- [Your objective]:
Please output the lines from the one with "Your session will" through the end of the data exactly as written, omitting all pictures.

Dataset entries:
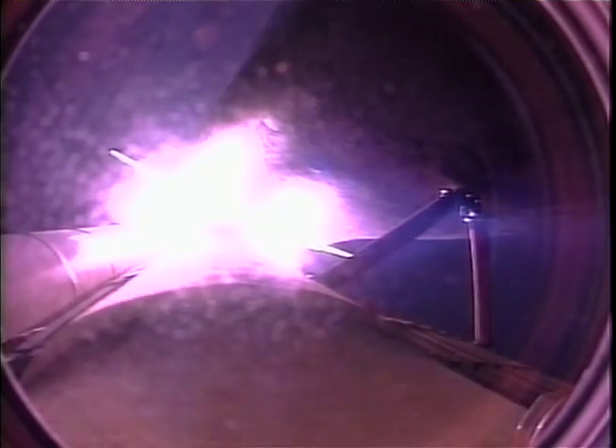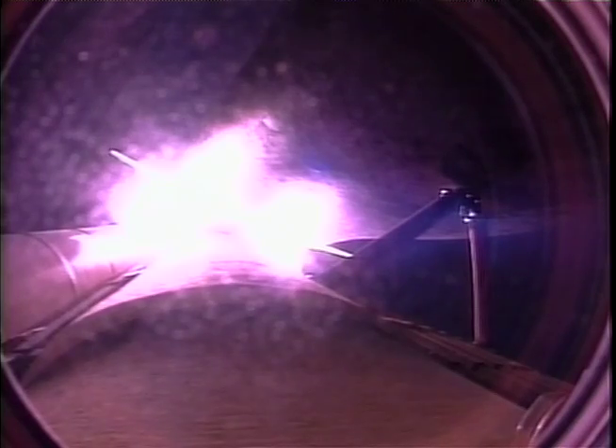Endeavour, you're go at throttle up. There's no action on the left RCS messages. We'll have words later. Endeavour is heading out at 51,000 feet in altitude, 10 miles from the Kennedy Space Center, downrange 11 miles.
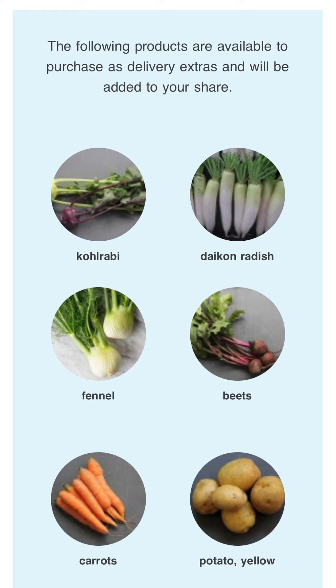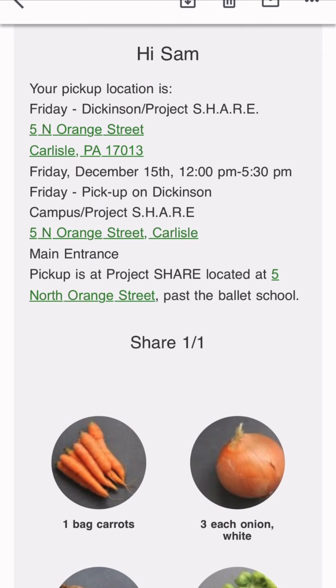While customizing your share, you have the opportunity to add on additional produce as well as eggs and meat, all from our farm, for an additional cost. The day before your CSA pickup, you will get a detailed email showing your pickup times and location.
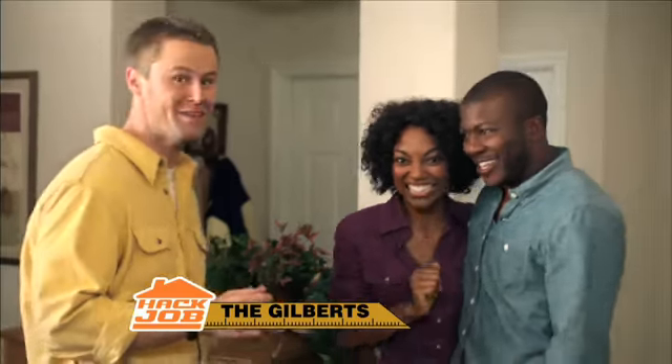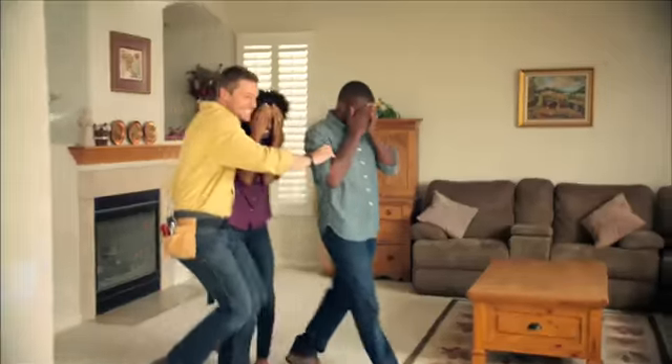Welcome back to Hack Job. Today, we're with the Gilberts. Guys, are you ready to see your new kitchen? Let's go! Take a look!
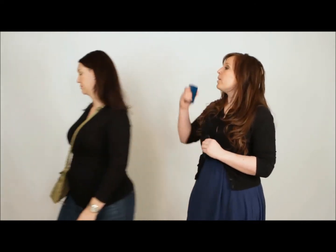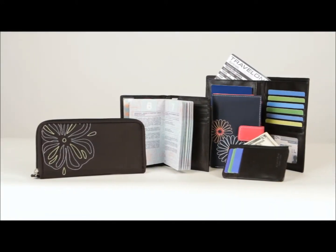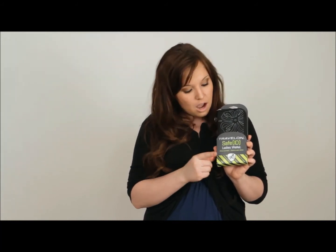Well, I have to go. Why? I have to buy my Travelon Safe ID wallet. They also sell RFID blocking purses, too. Travelon Safe ID RFID blocking products will completely block RFID. Any of the wallets and passport cases with the Safe ID on the packaging are RFID blocking. You can also look for the RFID blocking shield on some of the Travelon anti-theft products.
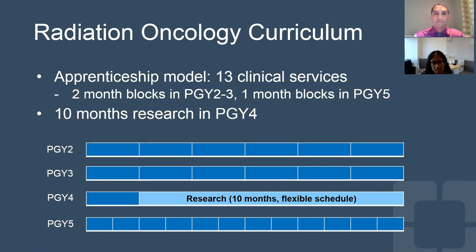We do have 10 months of research in the PGY-4 year, and that 10 months is generally given over a flexible schedule. For example, this past year due to COVID, boards were moved, and so our PGY-4 residents were given two months in order to study for boards this year.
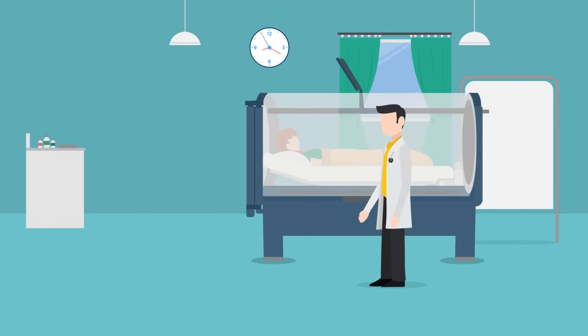Your session will last around two hours. During this time you may listen to music, watch television, or even sleep.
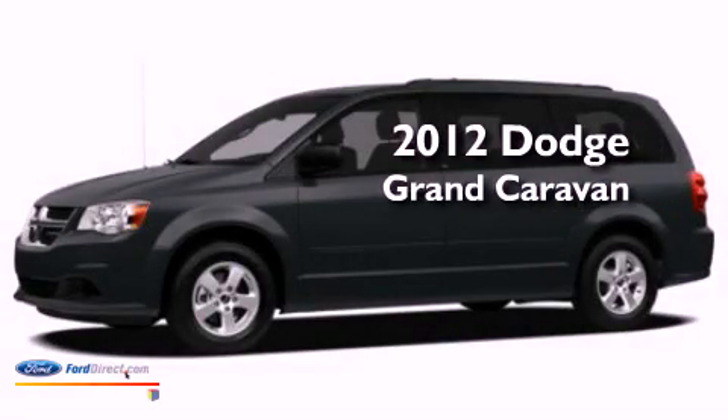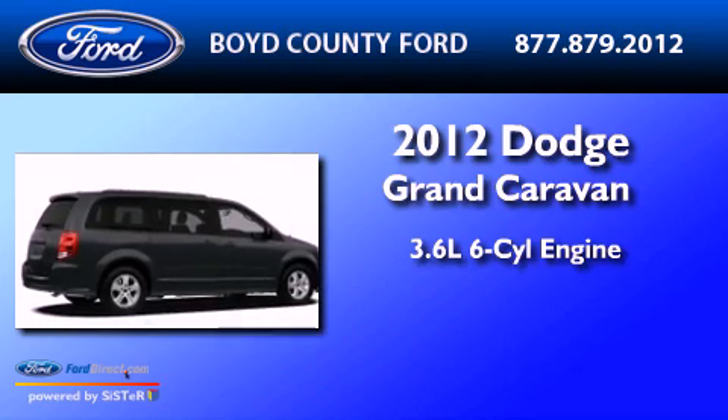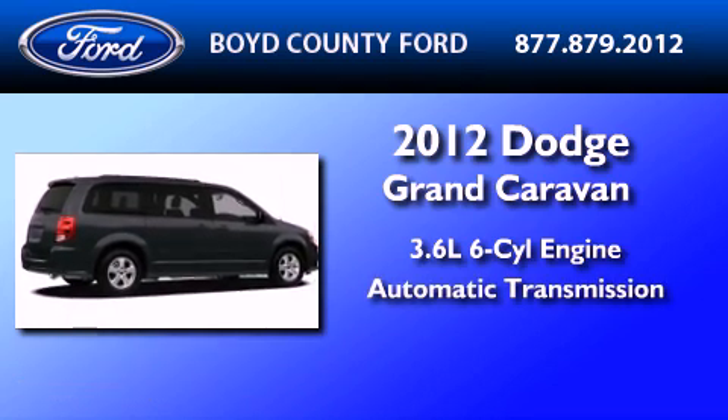This is a 2012 Dodge Grand Caravan. It features a 3.6-liter, six-cylinder engine and an automatic transmission.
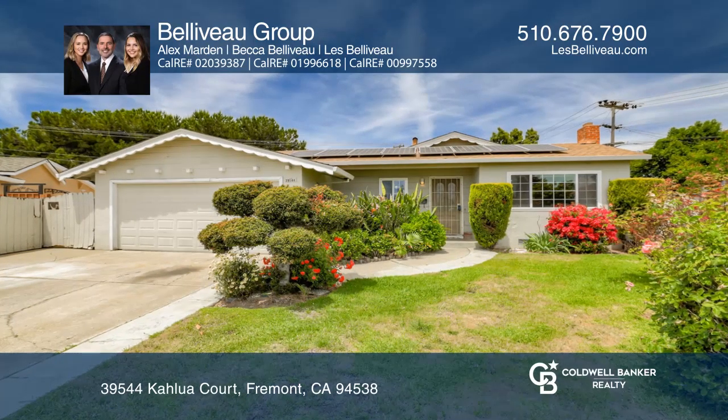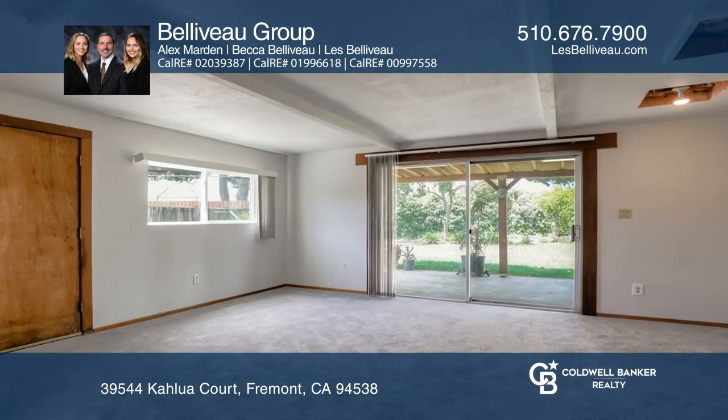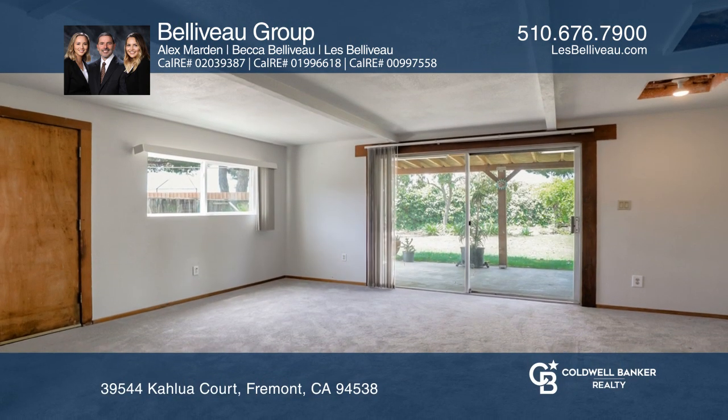Come make this four-bedroom, two-bath home your own. Tucked away on a cul-de-sac in the 28 Palms neighborhood, this single-story home welcomes you in.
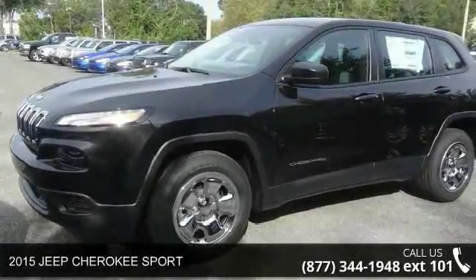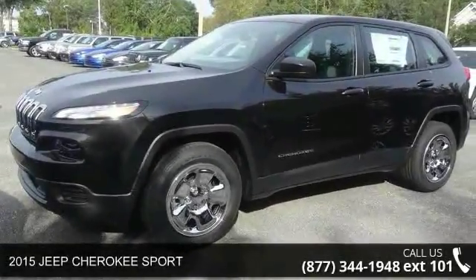Check out this 2015 Jeep Cherokee Sport. This may be the set of wheels you've been looking for.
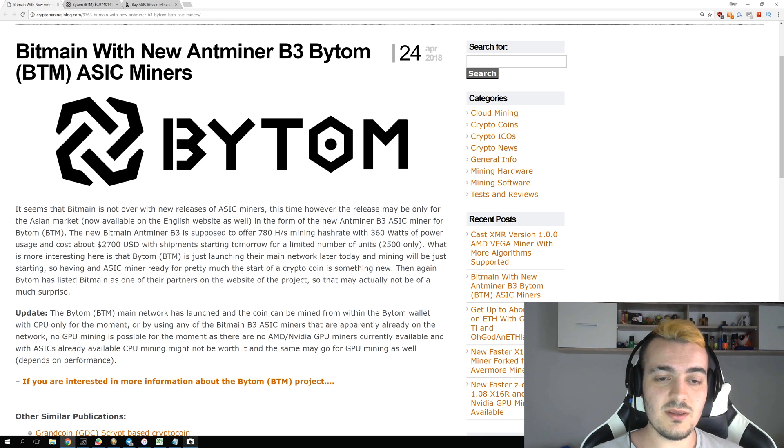This new B3 miner does 780 hashes per second at only 360 watts — which is the lowest power consumption miner Bitmain has ever made. However, 780 hashes per second doesn't mean much yet because we still can't compare that with our GPUs, so we don't know how much stronger the B3 actually is. The cost is $2,700, and we don't know if that is a lot or very little since we don't yet know how profitable Bytom mining will be.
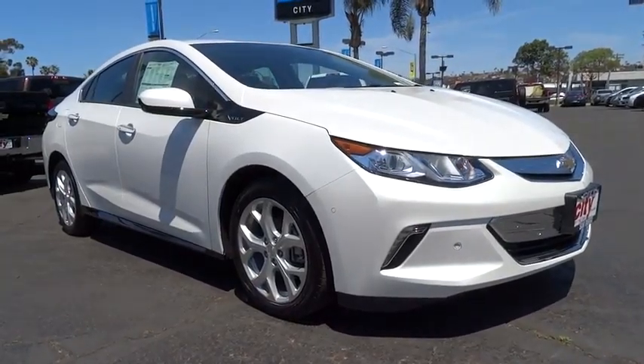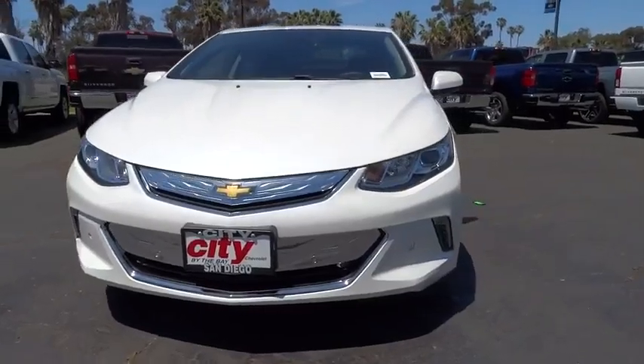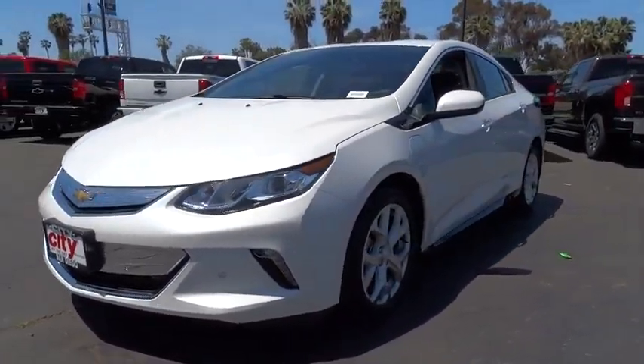The 2016 Chevrolet Volt. The Chevy Volt can drive up to 40 miles a day without a drop of gas. Here are some of this vehicle's great options.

- [Solution to this problem]:
Your session will last around two hours. During this time you may listen to music, watch television, or even sleep.
This is a 2012 Dodge Grand Caravan. It features a 3.6-liter, six-cylinder engine and an automatic transmission.
Come make this four-bedroom, two-bath home your own. Tucked away on a cul-de-sac in the 28 Palms neighborhood, this single-story home welcomes you in.
Check out this 2015 Jeep Cherokee Sport. This may be the set of wheels you've been looking for.
This new B3 miner does 780 hashes per second at only 360 watts — which is the lowest power consumption miner Bitmain has ever made. However, 780 hashes per second doesn't mean much yet because we still can't compare that with our GPUs, so we don't know how much stronger the B3 actually is. The cost is $2,700, and we don't know if that is a lot or very little since we don't yet know how profitable Bytom mining will be.
The 2016 Chevrolet Volt. The Chevy Volt can drive up to 40 miles a day without a drop of gas. Here are some of this vehicle's great options.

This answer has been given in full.